◆ **Source information**:

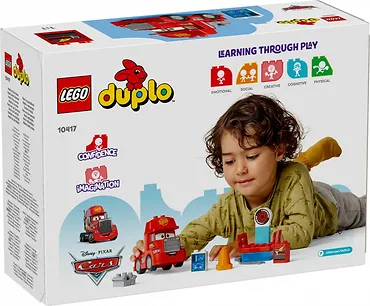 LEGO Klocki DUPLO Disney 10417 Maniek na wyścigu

...

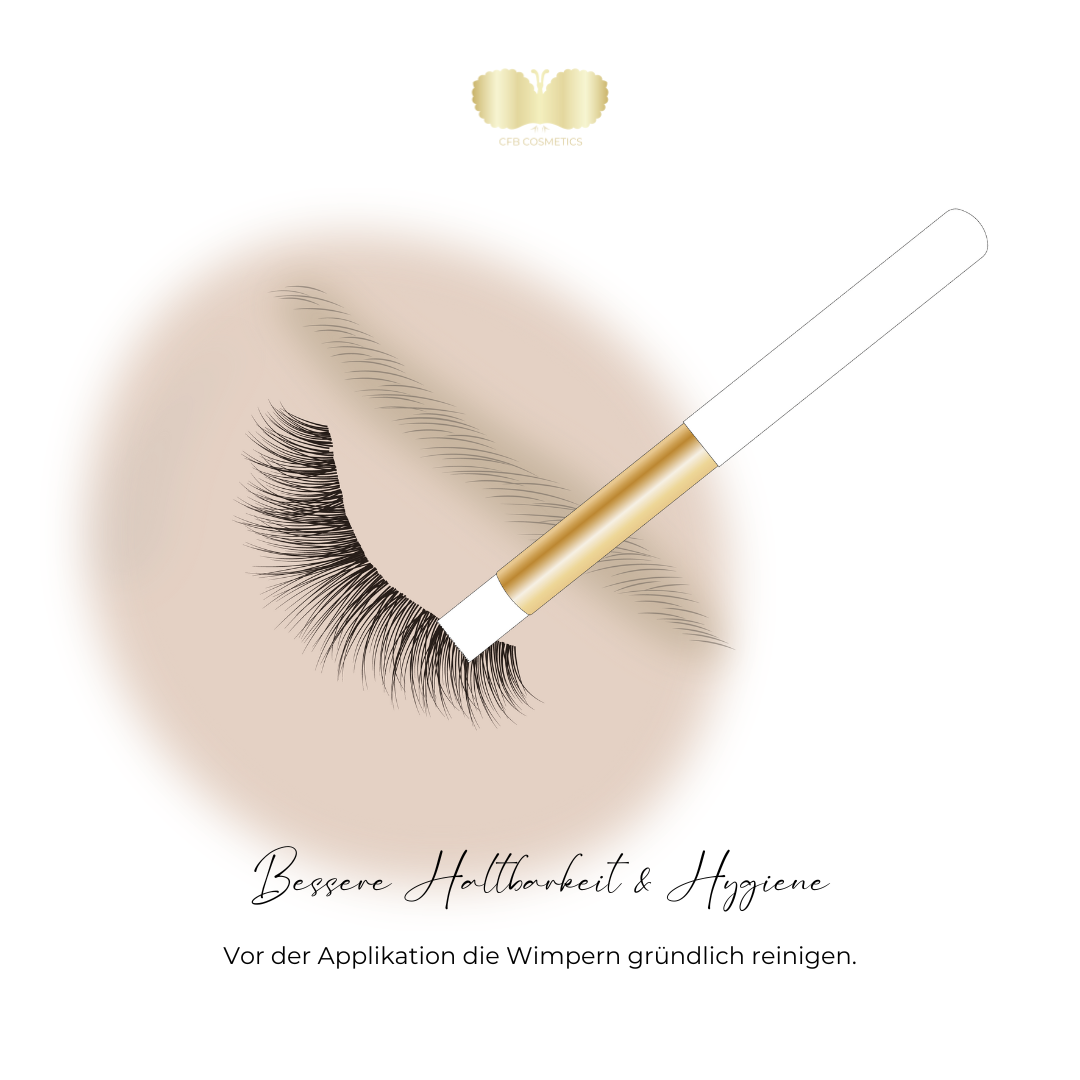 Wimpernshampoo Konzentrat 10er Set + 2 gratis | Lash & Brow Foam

...

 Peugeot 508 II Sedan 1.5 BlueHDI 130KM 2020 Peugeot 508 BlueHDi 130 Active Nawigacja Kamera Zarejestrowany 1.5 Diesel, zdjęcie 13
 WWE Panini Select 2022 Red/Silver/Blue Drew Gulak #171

◆ **Work instructions**: Among the lines above, repeat exactly those from the line with "Peugeot 508 II" to the line with "WWE Panini Select", counting both ends.

◆ **Task response**:
 Peugeot 508 II Sedan 1.5 BlueHDI 130KM 2020 Peugeot 508 BlueHDi 130 Active Nawigacja Kamera Zarejestrowany 1.5 Diesel, zdjęcie 13
 WWE Panini Select 2022 Red/Silver/Blue Drew Gulak #171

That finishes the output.